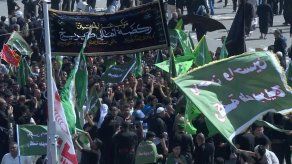 Los chiitas de Afganistán celebran una Ashura bañada en sangre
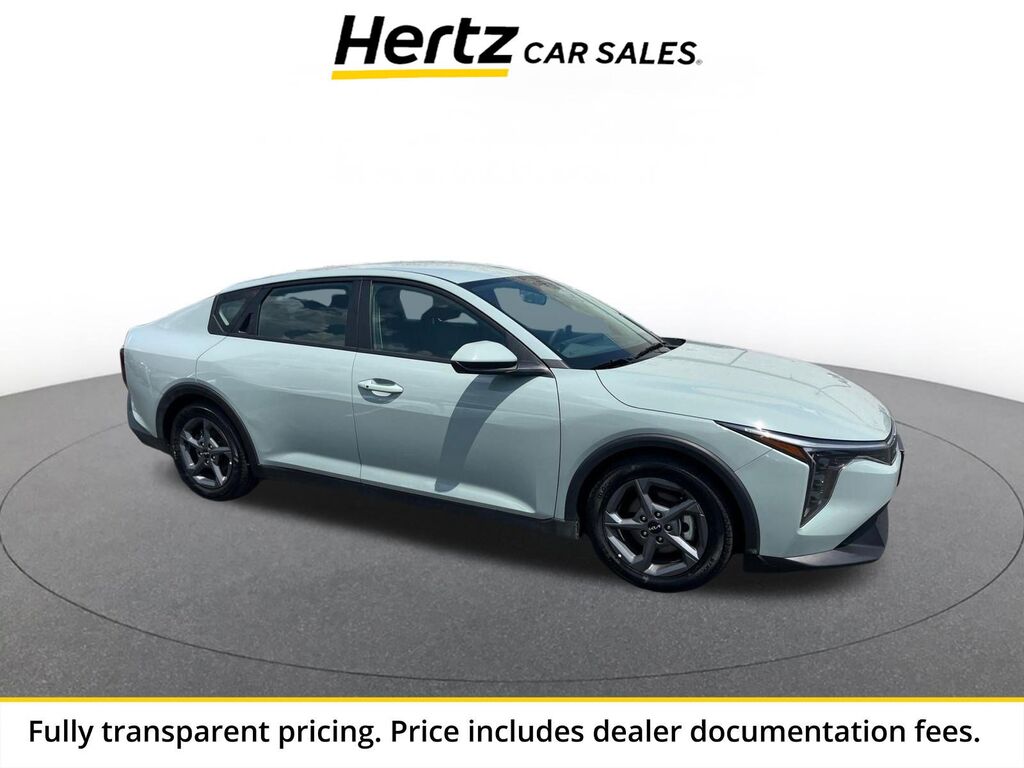 2025 Kia K4 LXS — photo 1 of 1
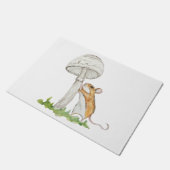 Realistische tekening van een grappige veldmuis en deurmat (Schuin)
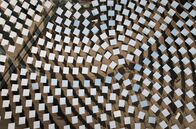 Die Farben Chinas – Zur Farbe Weiß gehört in China das Element Metall. Der Solarpark in der Dunhuang Wüste ist ein "Wald aus Metall"und hilft, CO2 zu reduzieren.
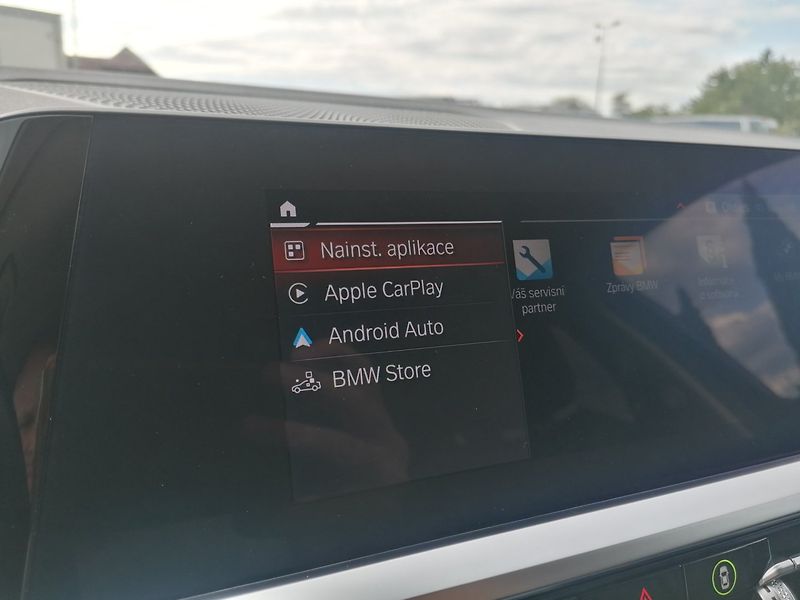 BMW Řada 3 (2020) 2.0 318D A/T Kůže - fotka 33 z 44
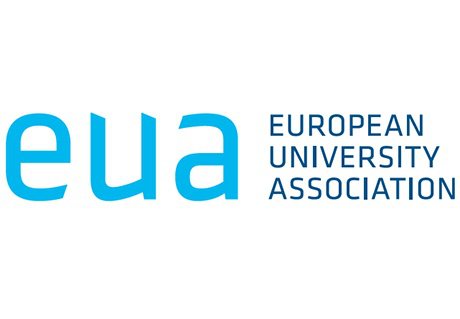 EUA mit Schriftzug.jpg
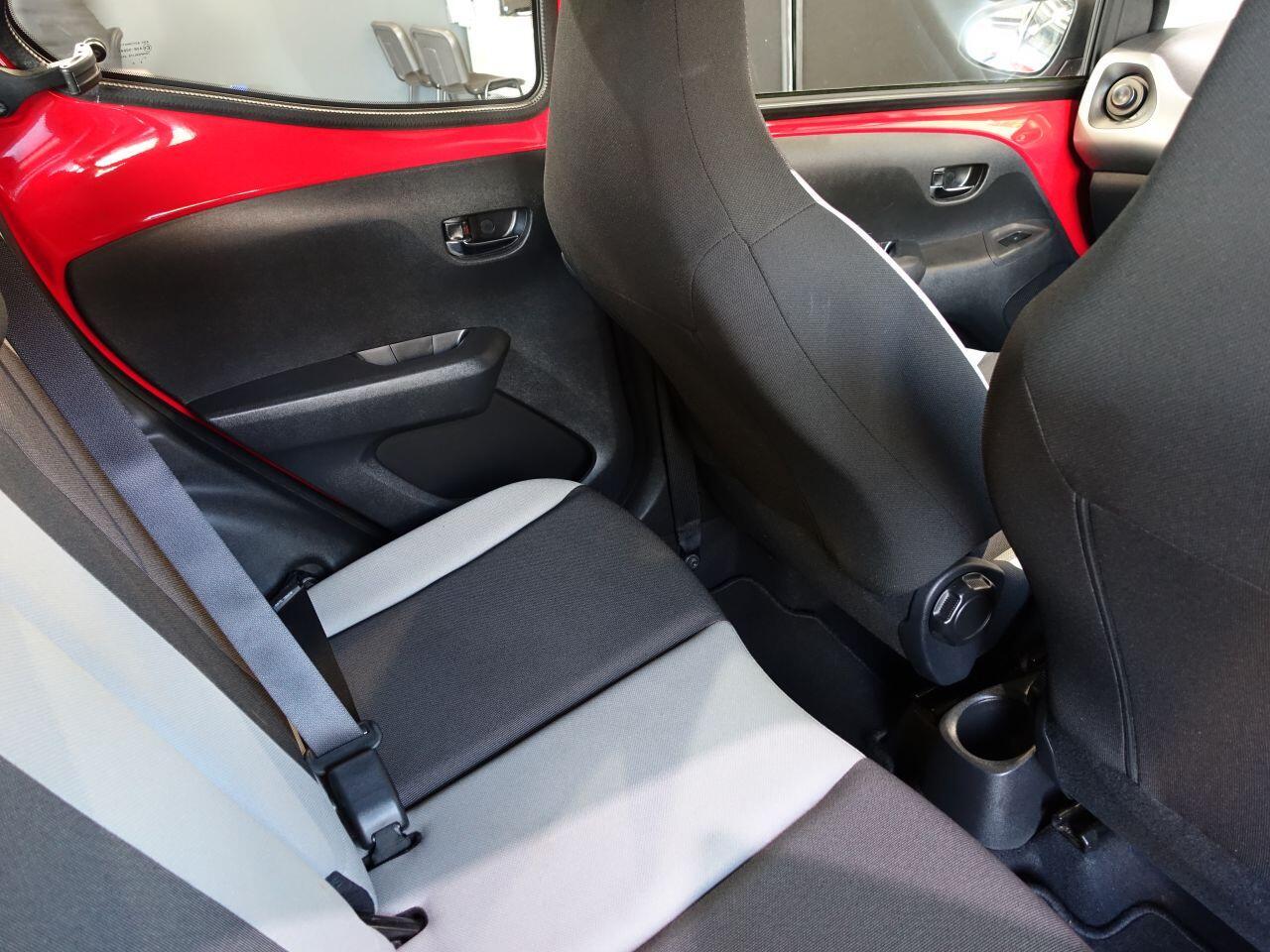 Toyota Aygo - Image 15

→ **WHAT YOU WILL DO**:
Pictures are to be left out; the listing above is otherwise to be copied exactly.

→ **RESULT FOR THIS EXERCISE**:
 Los chiitas de Afganistán celebran una Ashura bañada en sangre
 2025 Kia K4 LXS — photo 1 of 1
 Realistische tekening van een grappige veldmuis en deurmat (Schuin)
 Die Farben Chinas – Zur Farbe Weiß gehört in China das Element Metall. Der Solarpark in der Dunhuang Wüste ist ein "Wald aus Metall"und hilft, CO2 zu reduzieren.
 BMW Řada 3 (2020) 2.0 318D A/T Kůže - fotka 33 z 44
 EUA mit Schriftzug.jpg
 Toyota Aygo - Image 15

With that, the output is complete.